#### YOUR OBJECTIVE:
Every record below, from first to last, should be copied exactly; leave the pictures out.

#### STORED DATA:
══════════════════════════════

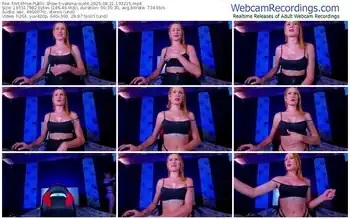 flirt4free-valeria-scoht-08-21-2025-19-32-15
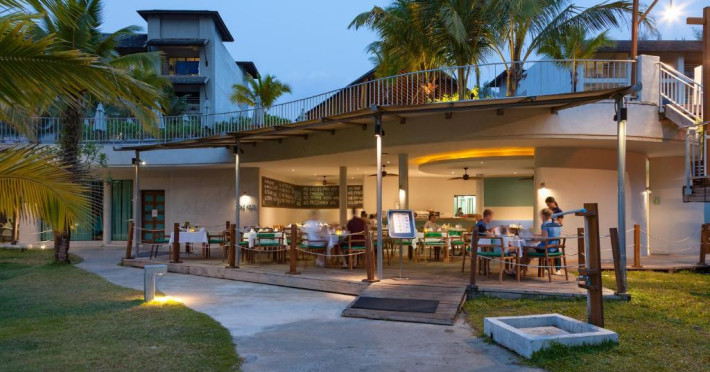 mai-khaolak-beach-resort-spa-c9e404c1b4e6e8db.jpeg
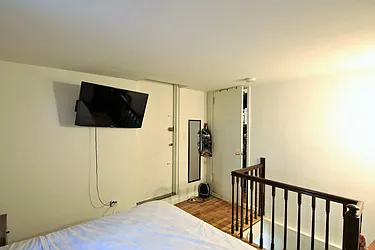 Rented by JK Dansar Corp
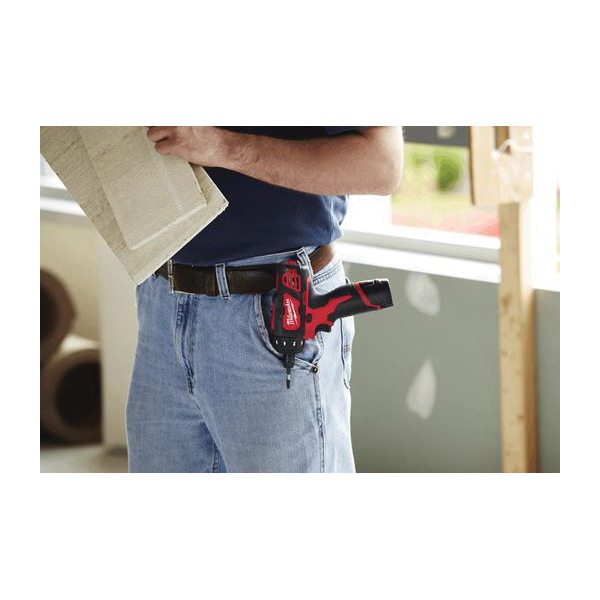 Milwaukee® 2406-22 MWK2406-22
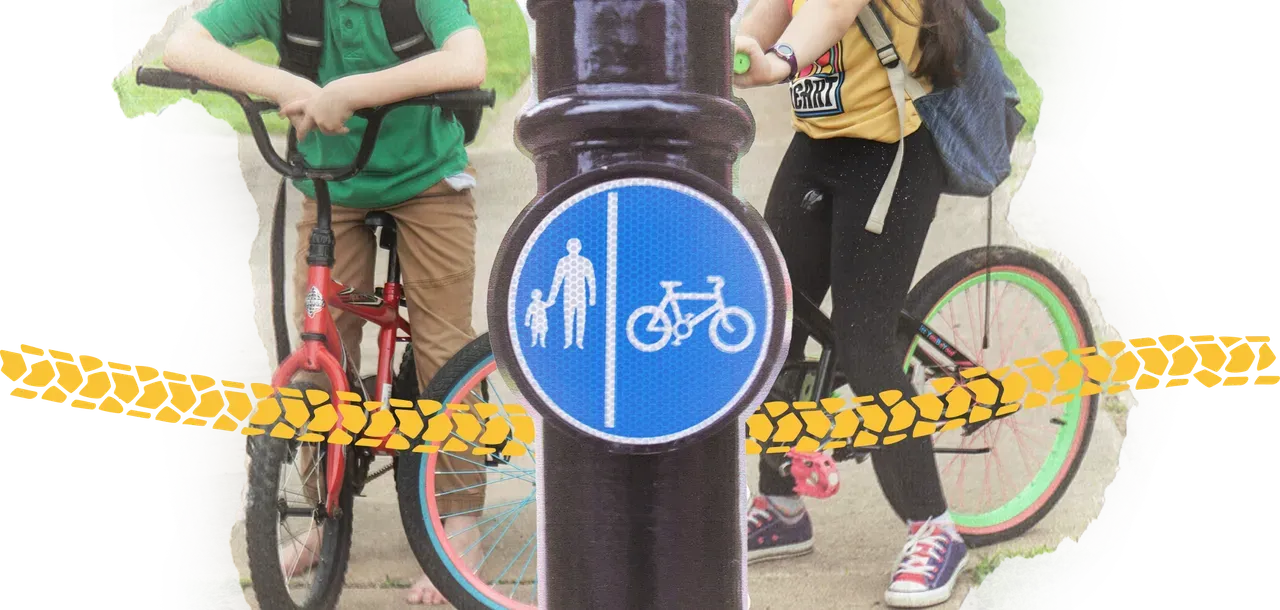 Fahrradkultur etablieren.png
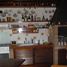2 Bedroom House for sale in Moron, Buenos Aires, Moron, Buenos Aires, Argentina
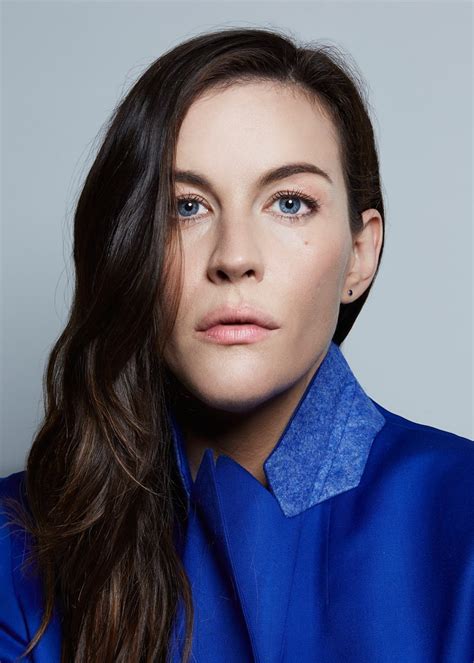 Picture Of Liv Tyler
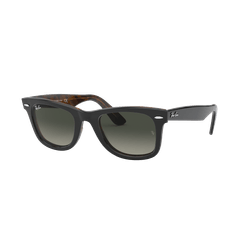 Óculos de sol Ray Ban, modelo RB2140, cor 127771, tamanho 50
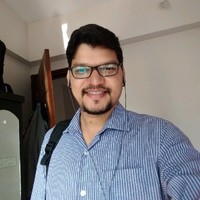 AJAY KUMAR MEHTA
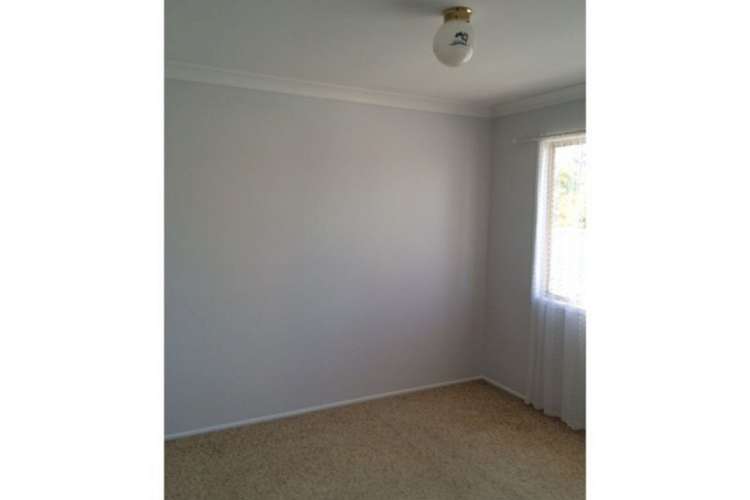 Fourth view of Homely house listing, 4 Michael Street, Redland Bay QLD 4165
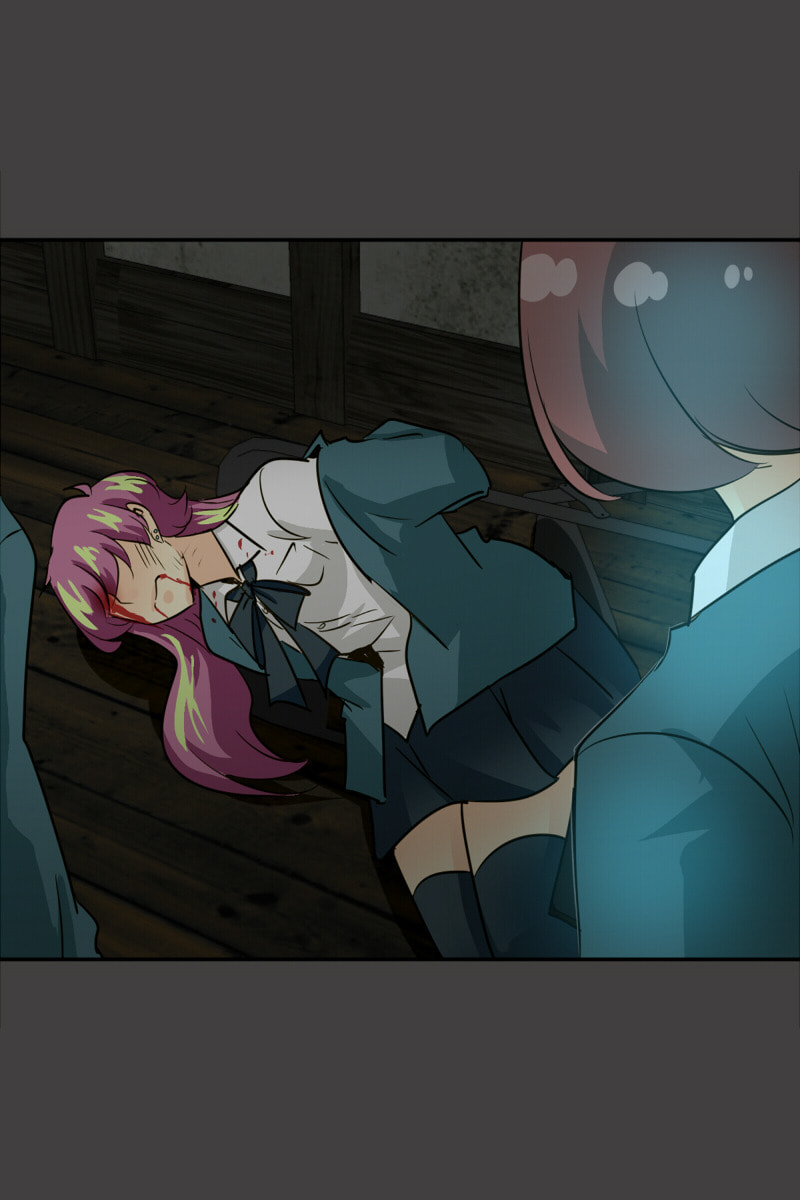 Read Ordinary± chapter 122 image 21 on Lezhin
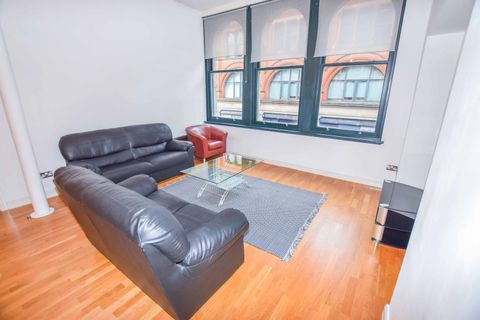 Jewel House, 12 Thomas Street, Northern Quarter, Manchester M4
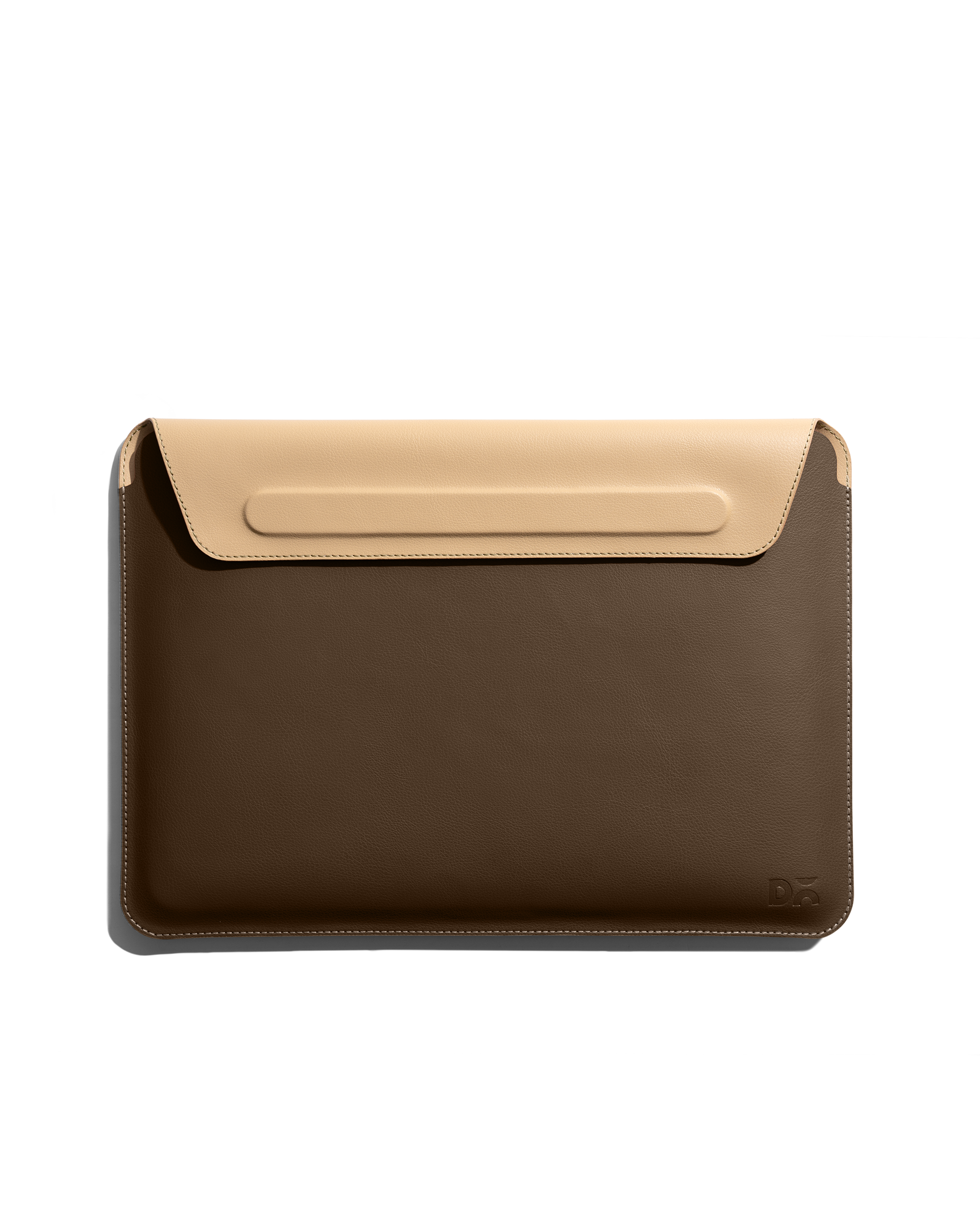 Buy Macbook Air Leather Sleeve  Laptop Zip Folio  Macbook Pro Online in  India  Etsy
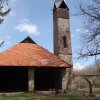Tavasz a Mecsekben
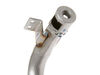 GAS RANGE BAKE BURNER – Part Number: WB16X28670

══════════════════════════════

#### RESULT BELOW:
 flirt4free-valeria-scoht-08-21-2025-19-32-15
 mai-khaolak-beach-resort-spa-c9e404c1b4e6e8db.jpeg
 Rented by JK Dansar Corp
 Milwaukee® 2406-22 MWK2406-22
 Fahrradkultur etablieren.png
2 Bedroom House for sale in Moron, Buenos Aires, Moron, Buenos Aires, Argentina
 Picture Of Liv Tyler
 Óculos de sol Ray Ban, modelo RB2140, cor 127771, tamanho 50
 AJAY KUMAR MEHTA
 Fourth view of Homely house listing, 4 Michael Street, Redland Bay QLD 4165
 Read Ordinary± chapter 122 image 21 on Lezhin
 Jewel House, 12 Thomas Street, Northern Quarter, Manchester M4
 Buy Macbook Air Leather Sleeve  Laptop Zip Folio  Macbook Pro Online in  India  Etsy
Tavasz a Mecsekben
 GAS RANGE BAKE BURNER – Part Number: WB16X28670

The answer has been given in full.